Lucas
12, 32-48
“Onde
está o seu tesouro, aí estará também o seu coração”
Esse
trecho do capítulo doze retoma em grande parte o tema do domingo anterior - a
questão do relacionamento do cristão e da comunidade com os bens materiais. A
comunidade cristã é caracterizada como “pequeno rebanho” - certamente pequena
diante da força e enormidade do sistema do Império Romano. Aqui não é tão
importante a sua pequenez em termos numéricos, mas em termos da sua importância
e força dentro da sociedade - a fraqueza dela é gritante, e devia ter provocado
insegurança e medo em muitos dos seus membros. Por isso, as palavras de
encorajamento: “Não tenha medo, pequeno rebanho, porque o Pai de vocês tem
prazer em dar-lhes o Reino” (v. 32).
O rebanho não
tem muitos bens materiais, mas terá os bens mais importantes - os do Reino.
Esta idéia nasce do versículo anterior a este trecho: “Busquem o Reino d’Ele e
Deus dará a vocês essas coisas em acréscimo” (v. 31). Estes bens virão na
medida em que a comunidade vive a partilha, ou seja, se coloca na contramão de
uma sociedade de ganância e exploração, repartindo o que tem. Retomando o tema
do último domingo, Jesus adverte: “De fato, onde está o seu tesouro, aí estará
também o seu coração” (v. 34).
Esse
último versículo nos desafia a fazermos uma meditação mais profunda sobre os
valores da nossa vida. Onde - realmente, e não teoricamente - está o meu
tesouro? Em que eu de fato ponho a minha confiança? Sobre o que estou baseando
a minha vida? Qual é a minha experiência prática de partilha? Quais são os
verdadeiros tesouros da minha vida?
Em
seguida, Lucas nos coloca diante das exigências de vigilância e
responsabilidade. Embora muitas vezes se interprete este trecho sobre a vinda
do Senhor em termos do “fim do mundo”, ou referindo-se ao momento da nossa
morte, realmente esses versículos têm uma abrangência muito maior. A ênfase não
está no fim, mas na atitude que nós devemos ter sempre em nossa caminhada.

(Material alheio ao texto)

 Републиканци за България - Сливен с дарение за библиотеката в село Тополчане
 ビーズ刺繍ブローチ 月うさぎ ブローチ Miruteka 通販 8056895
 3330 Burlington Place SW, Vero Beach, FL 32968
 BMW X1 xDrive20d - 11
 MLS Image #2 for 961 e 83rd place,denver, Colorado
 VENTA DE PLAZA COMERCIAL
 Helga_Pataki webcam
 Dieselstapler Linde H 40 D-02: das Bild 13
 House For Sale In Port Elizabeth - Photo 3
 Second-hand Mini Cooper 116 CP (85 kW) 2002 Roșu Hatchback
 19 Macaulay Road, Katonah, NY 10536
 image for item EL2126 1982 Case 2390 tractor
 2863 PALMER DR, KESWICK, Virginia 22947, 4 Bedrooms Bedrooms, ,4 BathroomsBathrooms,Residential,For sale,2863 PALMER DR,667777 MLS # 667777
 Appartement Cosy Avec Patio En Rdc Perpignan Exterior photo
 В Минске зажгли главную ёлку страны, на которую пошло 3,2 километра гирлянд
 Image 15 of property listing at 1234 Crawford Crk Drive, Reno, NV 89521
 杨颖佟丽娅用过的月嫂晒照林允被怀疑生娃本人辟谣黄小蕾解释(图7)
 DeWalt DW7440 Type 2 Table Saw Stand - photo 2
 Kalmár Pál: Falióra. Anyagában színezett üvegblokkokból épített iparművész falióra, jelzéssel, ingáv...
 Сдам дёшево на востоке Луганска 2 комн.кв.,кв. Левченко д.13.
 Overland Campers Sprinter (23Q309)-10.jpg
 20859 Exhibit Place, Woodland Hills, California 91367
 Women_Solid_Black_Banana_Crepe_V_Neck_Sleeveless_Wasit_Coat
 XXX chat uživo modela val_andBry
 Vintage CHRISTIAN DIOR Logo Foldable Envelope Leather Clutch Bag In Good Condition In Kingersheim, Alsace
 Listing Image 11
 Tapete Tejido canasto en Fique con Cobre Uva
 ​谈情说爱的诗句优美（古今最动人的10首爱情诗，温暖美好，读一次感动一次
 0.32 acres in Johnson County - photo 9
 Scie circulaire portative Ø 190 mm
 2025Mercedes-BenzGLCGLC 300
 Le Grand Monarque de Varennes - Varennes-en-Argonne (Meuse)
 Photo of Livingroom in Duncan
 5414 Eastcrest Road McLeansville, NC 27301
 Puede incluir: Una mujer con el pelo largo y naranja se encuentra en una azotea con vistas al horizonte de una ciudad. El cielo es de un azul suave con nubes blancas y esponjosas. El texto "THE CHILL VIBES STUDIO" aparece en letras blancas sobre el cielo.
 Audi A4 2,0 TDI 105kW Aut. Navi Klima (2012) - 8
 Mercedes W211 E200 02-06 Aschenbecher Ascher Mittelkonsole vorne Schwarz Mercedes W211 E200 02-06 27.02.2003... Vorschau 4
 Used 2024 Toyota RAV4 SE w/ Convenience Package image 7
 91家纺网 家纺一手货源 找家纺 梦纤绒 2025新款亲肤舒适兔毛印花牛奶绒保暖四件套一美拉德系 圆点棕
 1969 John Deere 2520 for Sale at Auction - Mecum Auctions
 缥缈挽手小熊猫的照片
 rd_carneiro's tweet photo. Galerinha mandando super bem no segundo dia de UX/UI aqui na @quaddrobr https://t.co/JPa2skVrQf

Sempre devemos estar alertas, para não perdermos o momento de Jesus passar em
nossa vida. Ele chega para nós, não somente na hora da nossa morte, muito menos
no fim do mundo, mas todos os dias, nas pessoas, nos acontecimentos da nossa
realidade, na comunidade em que vivemos. Jesus aqui exige uma atitude de busca
permanente do Reino, através de uma vida de serviço fraterno. Como diz o
teólogo José Pagola no seu livro sobre Lucas, “é surpreendente a insistência
com que Jesus falas da vigilância. Pode-se dizer que Ele entende a fé como uma
atitude vigilante que nos liberta do absurdo que domina muitos homens e
mulheres, que andam pela vida sem meta nem objetivo nenhum” (Pagola “O caminho
aberto por Jesus” Vozes p.213.) Os
versículos 41-46, e o fato que a pergunta é feita por Pedro, porta-voz dos
líderes da comunidade em Lucas, indicam que a mensagem aqui é dirigida em
primeiro lugar aos que têm a função de dirigente na comunidade. Os dirigentes
cristãos não têm estes ofícios para exercer um poder, para dominar, mas muito
pelo contrário, para melhor servir. Somos alertados para que não deixemos a
corrupção do poder tomar conta da nossa vida. Como os dirigentes das
comunidades têm consciência dos seus deveres, muito mais ainda é a sua
responsabilidade: “A quem muito foi dado, muito será pedido; a quem muito foi
confiado, muito mais será exigido” (v. 48).
Aqui o trecho
alarga a sua visão para incluir não somente uma possível corrupção do projeto
cristão através do apego aos bens materiais, mas também através do apego ao
poder, quando este é usado não como serviço, mas como dominação e projeção
pessoal por parte dos dirigentes cristãos. Talvez, não haja corrupção mais
sutil do que a do poder, manifestada em carreirismo, autoritarismo e
auto-projeção dentro das Igrejas. Vale a advertência já feita no século XIX
pelo historiador católico inglês, Lord Acton: “Todo o poder tende a corromper,
e o poder absoluto corrompe absolutamente!”
Lucas
convida a todos, especialmente os dirigentes, à vigilância, para que o nosso
verdadeiro tesouro seja o serviço fraterno, como concretização do projeto de
Jesus, e não a ganância, o poder, a dominação.